### [Task requirements]
In the records below, the lines between the one holding "Various Doulton character" and the one holding "Slide: The Image", inclusive, are to be transcribed exactly; no pictures are to be included.

### [Materials provided]
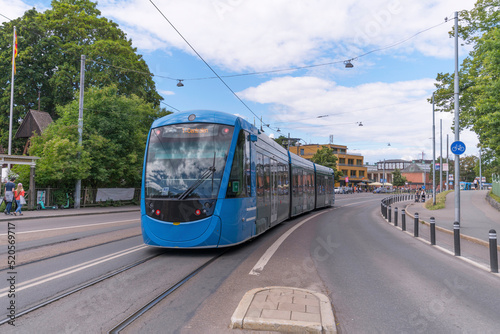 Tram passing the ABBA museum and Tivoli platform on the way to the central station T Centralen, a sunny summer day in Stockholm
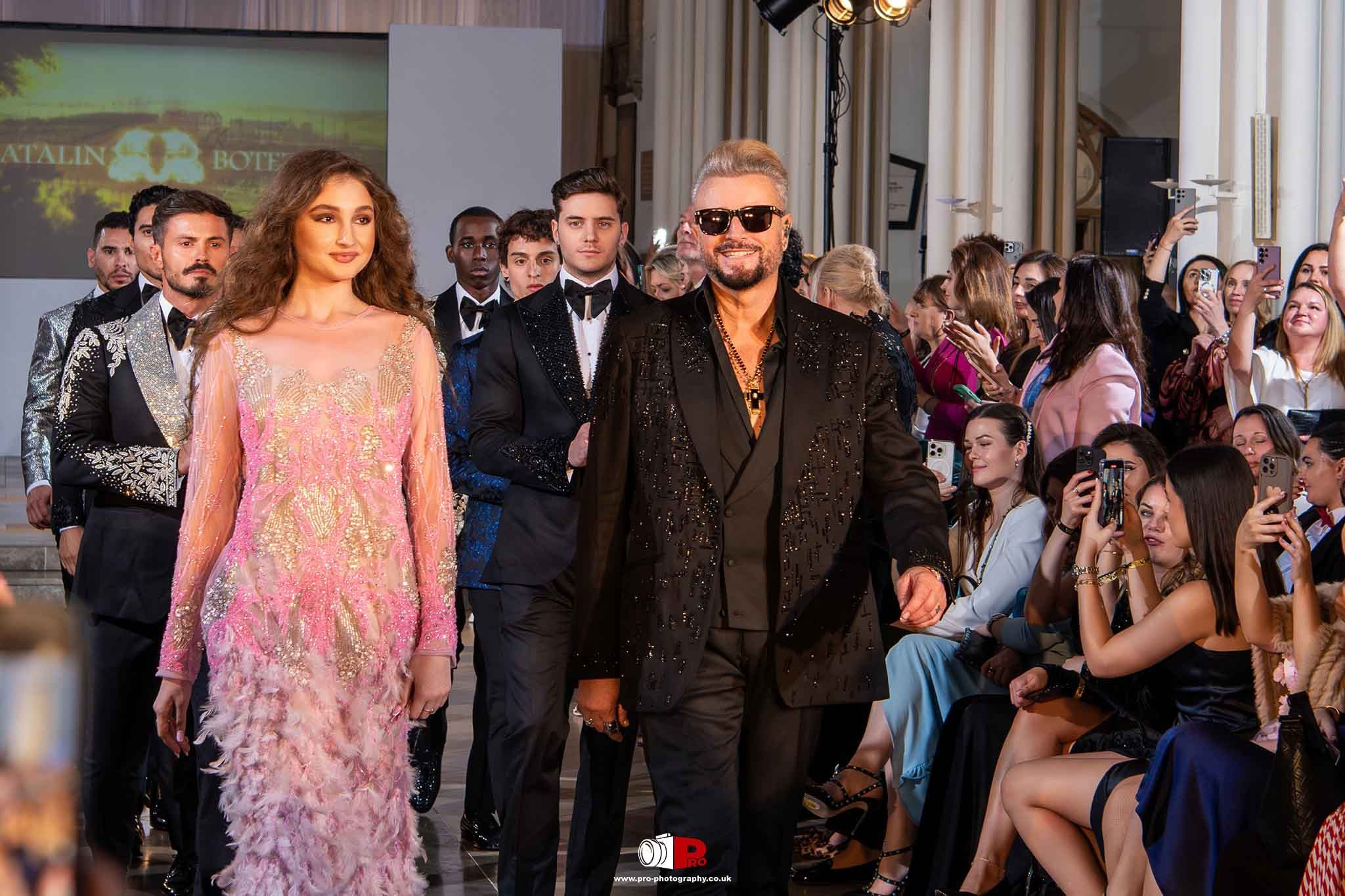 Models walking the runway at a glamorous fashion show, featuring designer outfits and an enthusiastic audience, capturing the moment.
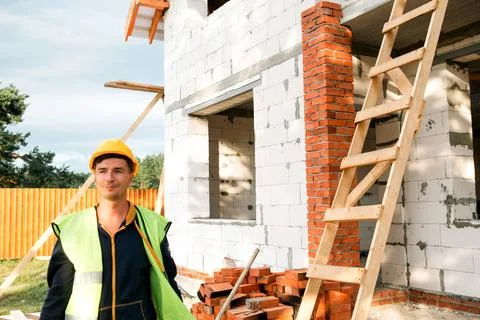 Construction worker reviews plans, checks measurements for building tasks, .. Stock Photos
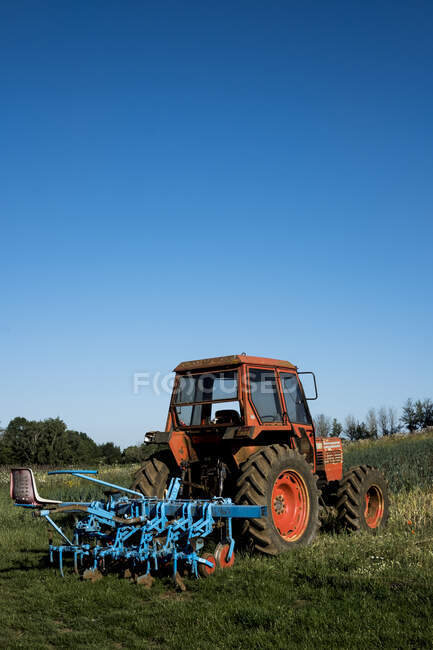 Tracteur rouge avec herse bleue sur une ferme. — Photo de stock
--
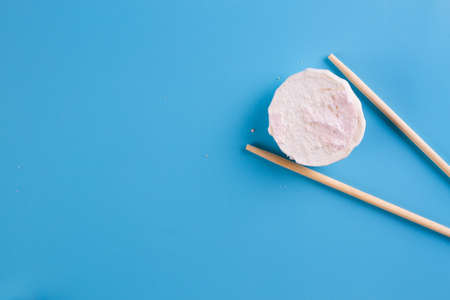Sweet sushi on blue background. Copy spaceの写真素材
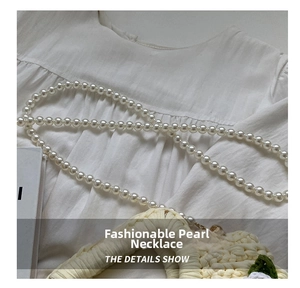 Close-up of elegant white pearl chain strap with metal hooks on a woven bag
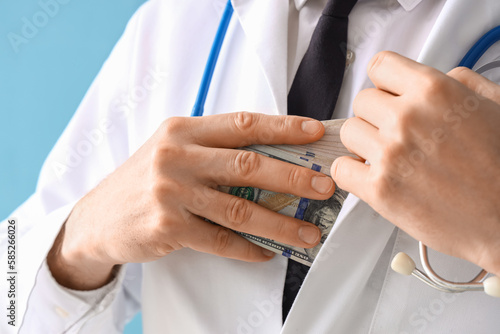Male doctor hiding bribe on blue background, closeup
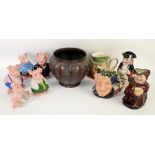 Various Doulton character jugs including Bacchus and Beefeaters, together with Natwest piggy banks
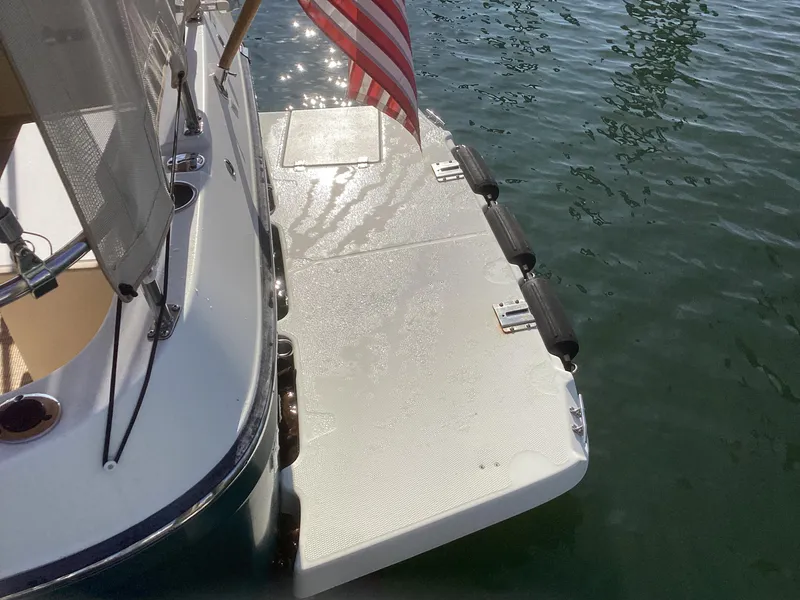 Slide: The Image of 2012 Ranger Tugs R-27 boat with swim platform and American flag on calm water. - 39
...
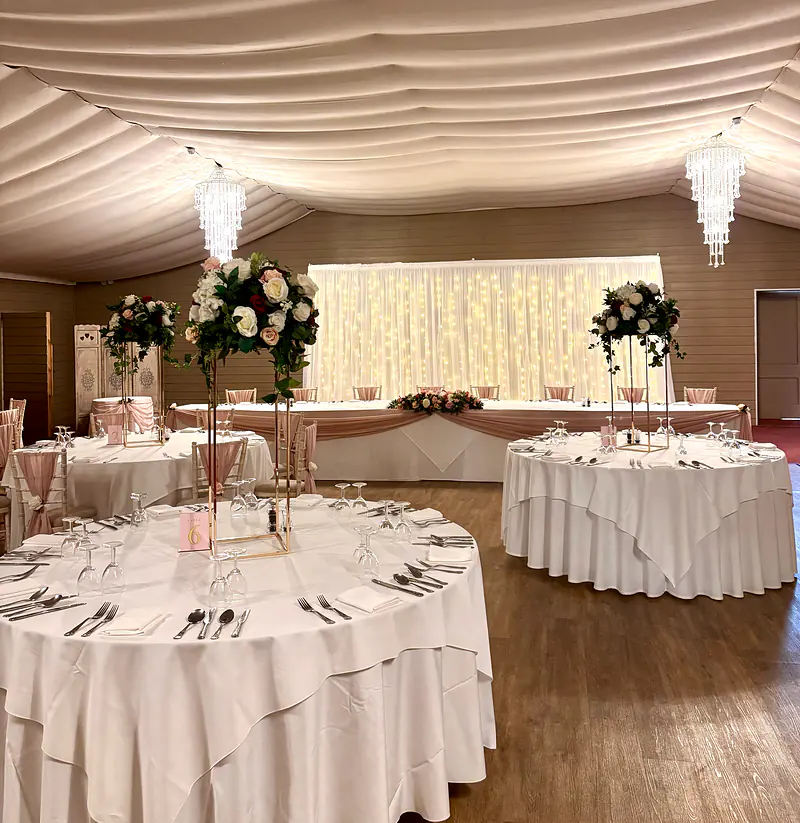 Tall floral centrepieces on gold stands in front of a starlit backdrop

### [Solution to the exercise]
 Various Doulton character jugs including Bacchus and Beefeaters, together with Natwest piggy banks
 Slide: The Image of 2012 Ranger Tugs R-27 boat with swim platform and American flag on calm water. - 39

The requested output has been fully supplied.